I have discovered a new “unexpected feature” of the Advanced Privacy VPN function: even when you are connecting to a wifi, this system does not make distinction between internet destinations and destination IPs on the same subnet (layer 2 domain) as the phone IP. This means any private IP destination (even on the same VLAN/subnet as the phone) are inaccessible, unless you disable the VPN completely, or remove the app generating this traffic, from the VPN function.
It would be good if the VPN function could auto-detect non-routable (private) IP destinations (or at least destinations in the same layer 2 domain as the phone’s IP), and send this traffic straight through, rather than sending it through the ORBOT network.
Regain your privacy! Adopt /e/ the unGoogled mobile OS and online services
After additional research and testing, I have found the answer to my question: the /e/OS itself correctly detects when the destination is on the local network (same broadcast domain as the phone’s IP) and tries to route the traffic directly, bypassing the Advanced privacy VPN.

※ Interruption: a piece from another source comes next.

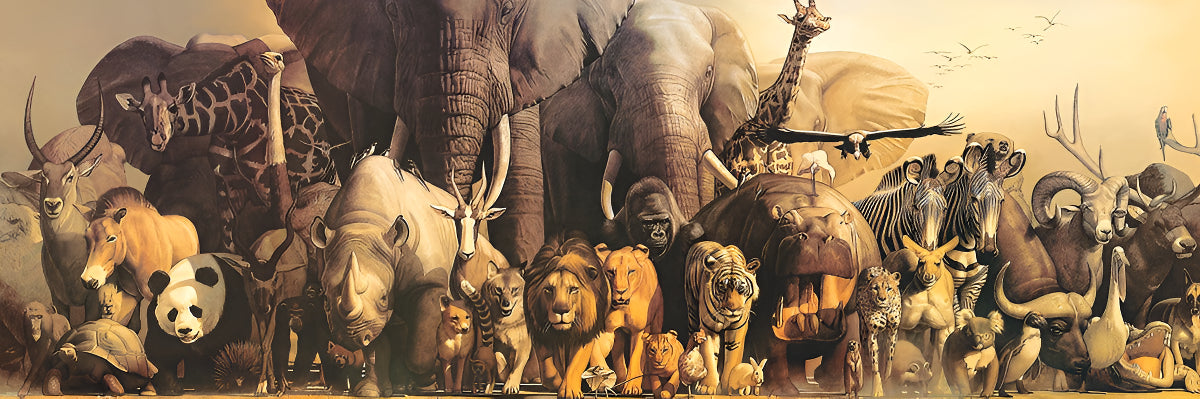 Rompecabezas Eurographics Panoramic Puzzles Noah's Ark 6010-4654 De 1000 Piezas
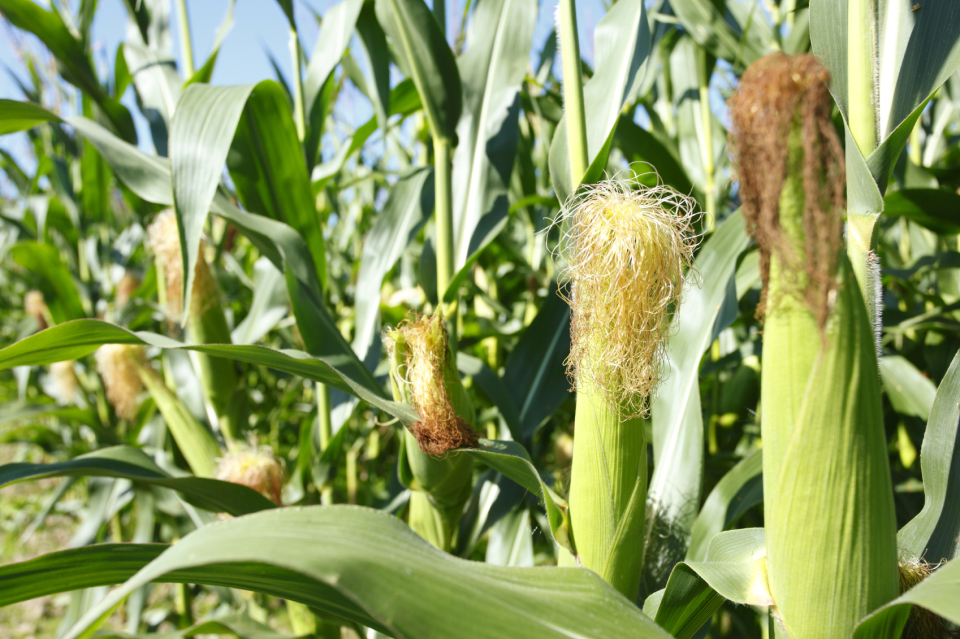 Maize-cultivar-adaptation-endemic-crop-pests-lab-milling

So as long as you have in the “network and internet” menu, “VPN” submenu, "Advanced Privacy Options"submenu, the “Block connections without VPN” option DISABLED, local traffic will flow correctly, even when you have the “hide my IP” enabled for all apps on the phone (including the app who is doing the local traffic).
My only worry is that now I have no guarrantee there will be no “leaks”. I"M assuming this option was inserted in there for a good reason (which I am no privy to) and now I’m wondering how has my risk profile changed, by allowing VPN-bypass connections (i.e. is there any possibility a “naughty” app will be able to bypass the VPN and access the internet directly?)
Assuming it’s been correctly coded, every flow to non-local address may go through VPN.
As this will be done at network stack level, I’d say you’re 99% safe (risk zero doesn’t exist ).
You may check your DNS settings, avoiding leaks through your ISP-provided unless necessary.
Or is Advanced Privacy smart enough to send DNS requests to VPN, then fallback to local network’s?